Campground Papa and The Campground Kid and Lake Taupo

We saw lovely people in lovely places.

In our ten days, we stayed in five wonderful spots. We spent time with all of The Campground Kid’s grandparents, plus two of her second cousins, two of her first cousins once removed, and one of her second cousins once removed.

Our family and our favourite country were the killer combination that brought us home, and this holiday was all about them.

Family time on the Napier Waterfront

It was lovely.

But it was also hard.

It was hard to say goodbye again to people and places after such short visits.

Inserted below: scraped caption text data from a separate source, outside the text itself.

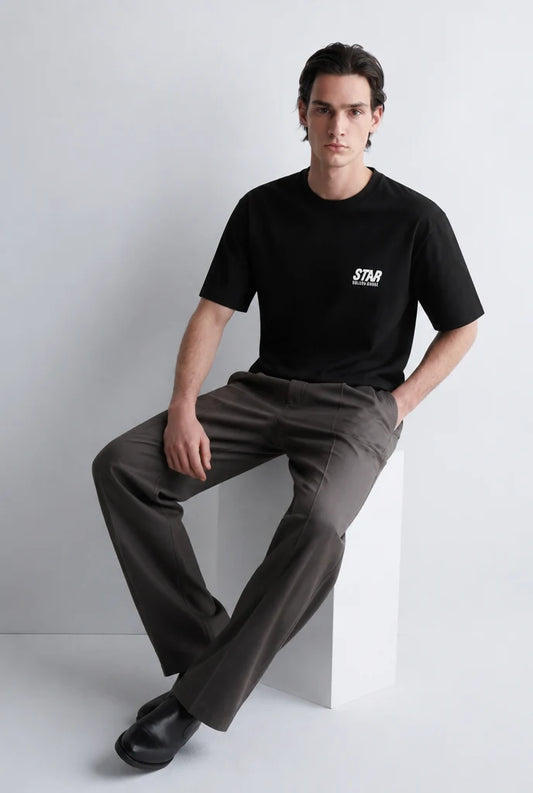 Camiseta Oversize Golden Goose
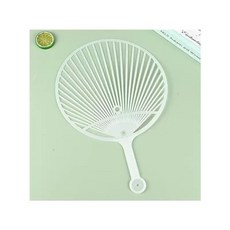 臺灣出貨-定製大王扇明星應援扇魔法大王扇子演唱會日韓站偶像週邊, 1個, 空白扇一把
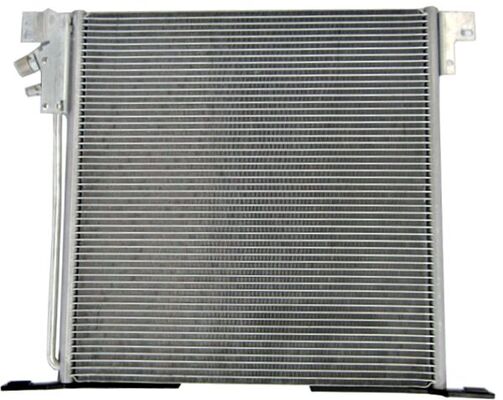 Condensatore, Climatizzatore - AC 212 000S MAHLE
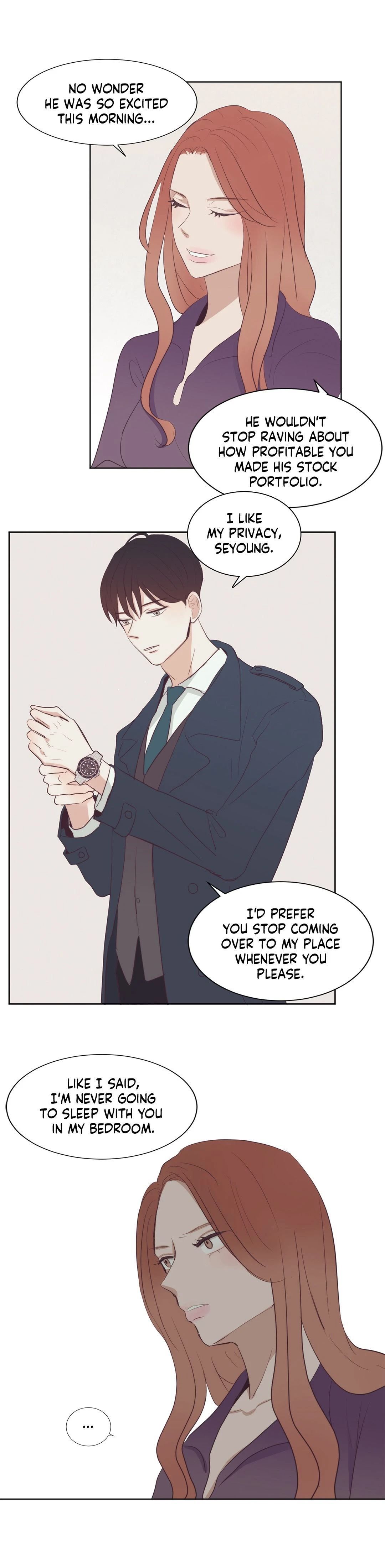 Let it be Manhwa - Chapter 23 Page 17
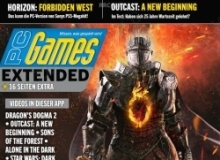 《PC Gamer电脑游戏玩家》杂志2024年5月刊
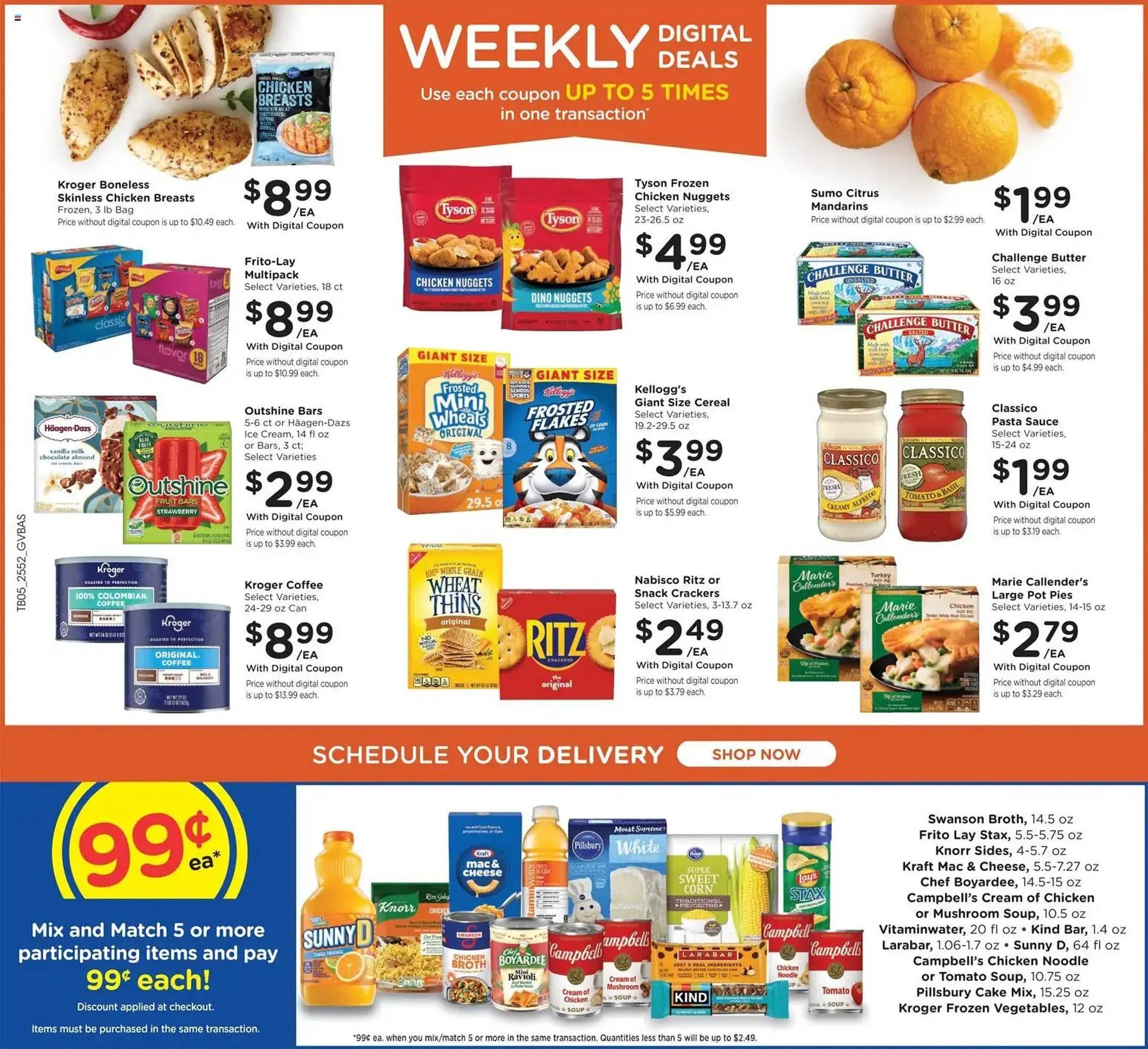 Weekly ad Kroger weekly ad from January 28 to February 4 2026 - Page 2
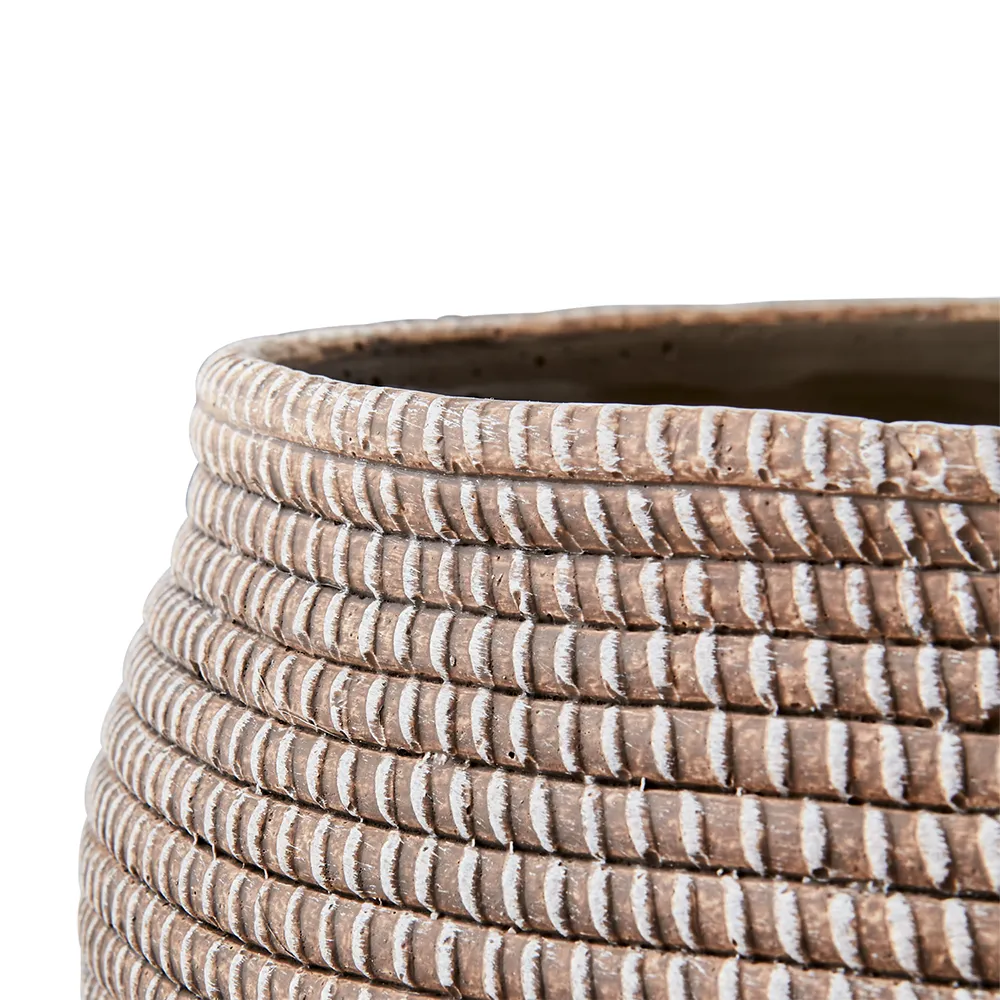 Camille krukke M Beige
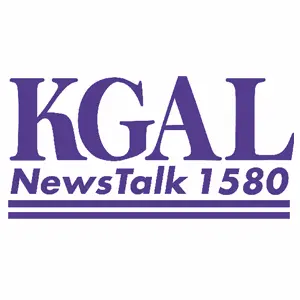 KGAL - Newstalk 1580 إيه إم أونلاين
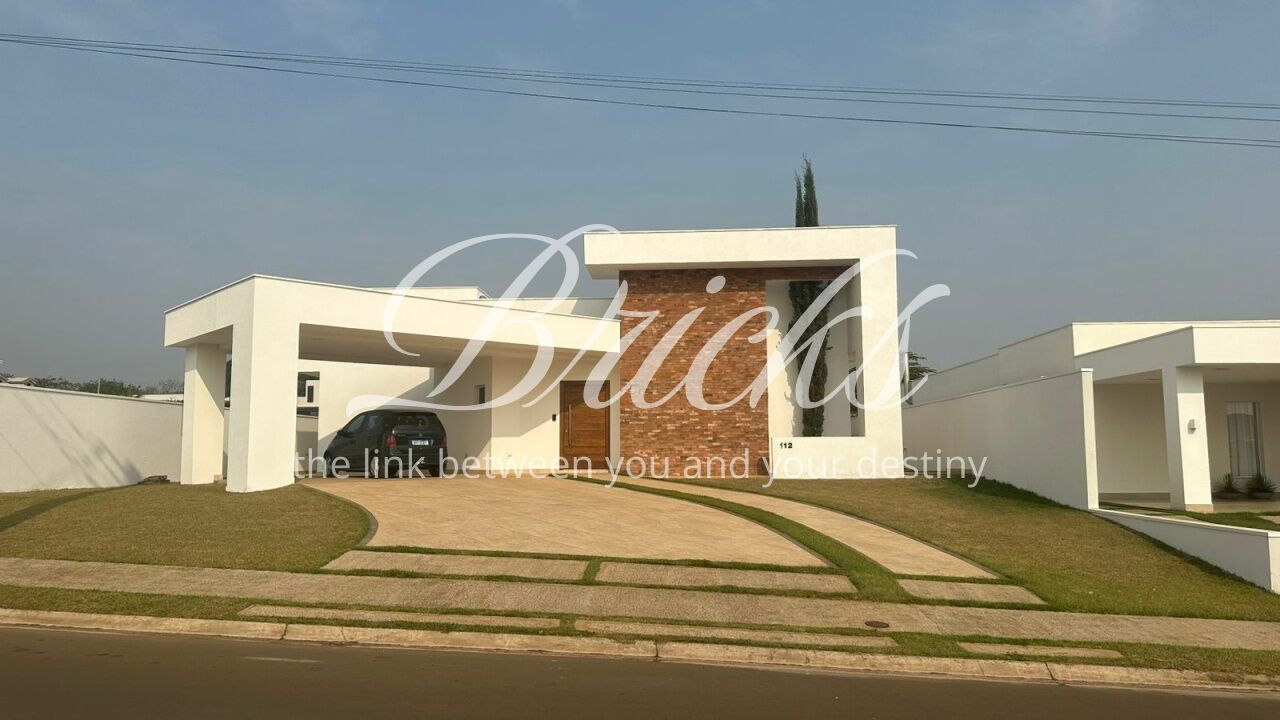 Casa em Condominio para Venda - Jardim Quintas da Terracota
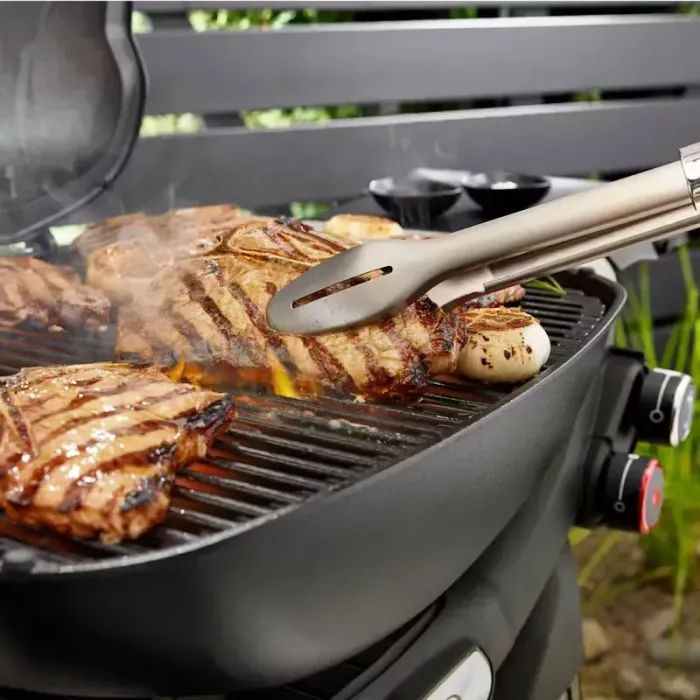 Гриль-барбекю Weber Q3200N Black (1501126) зображення 4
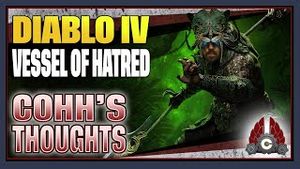 Video post by @cohhcarnage on YouTube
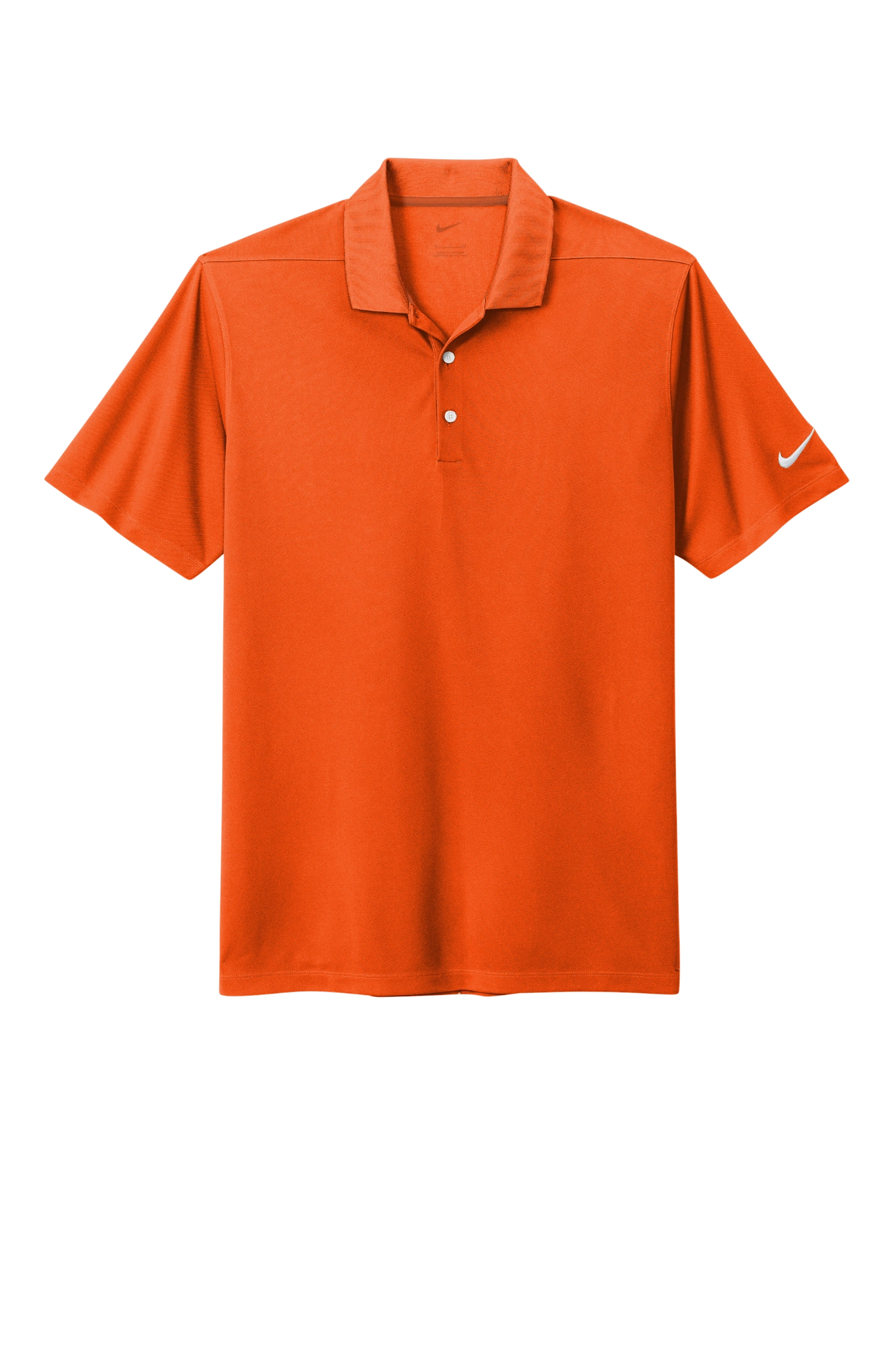 Custom Nike Dri-FIT Micro Pique 2.0 Polo Shirt with Logo Printing | No Minimum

The goodbyes and the things we missed out on made it hard to keep the doubts from creeping in. Would we be happier somewhere different? Could we be doing something different? Should we be different?

It was logistically difficult too. Lots of driving, different food, different beds, different routines. They’re hard on us, and they’re even harder on The Campground Kid.

She coped remarkably. And seeing her outside her routine highlighted just how much she has grown and changed since we arrived in New Zealand seven months ago.  I’m pretty sure I’m biased, but I’m also pretty sure that she’s an amazing kid.

Windy walks on the Wellington Waterfront

It was a special time.

But it’s also quite a relief to be back.  Back home, back to work, back to our routines.

This morning, our first day back, we were a bit tired (thanks to a wild bedtime last night and a cold for Campground Papa), but we were actually happy to get back to work. And The Campground Kid was very happy to get back to her daycare.

We were even happier when work was quiet enough that we could have plenty of coffee breaks and fit in some unpacking and some laundry.

And, despite the doubts, I can’t help but think that a life we’re happy to be back to is a pretty good life.

Working through.

On Christmas morning, we woke up early. But it wasn’t because of an overexcited kid. Nope, The Campground Kid didn’t really know about Santa, and actually had a sleep in. It was because we had to start work at 7:45am. Yep, this year, we worked on Christmas Eve, Christmas, Boxing Day, New Years, and quite a few days in between. Welcome to the campground business!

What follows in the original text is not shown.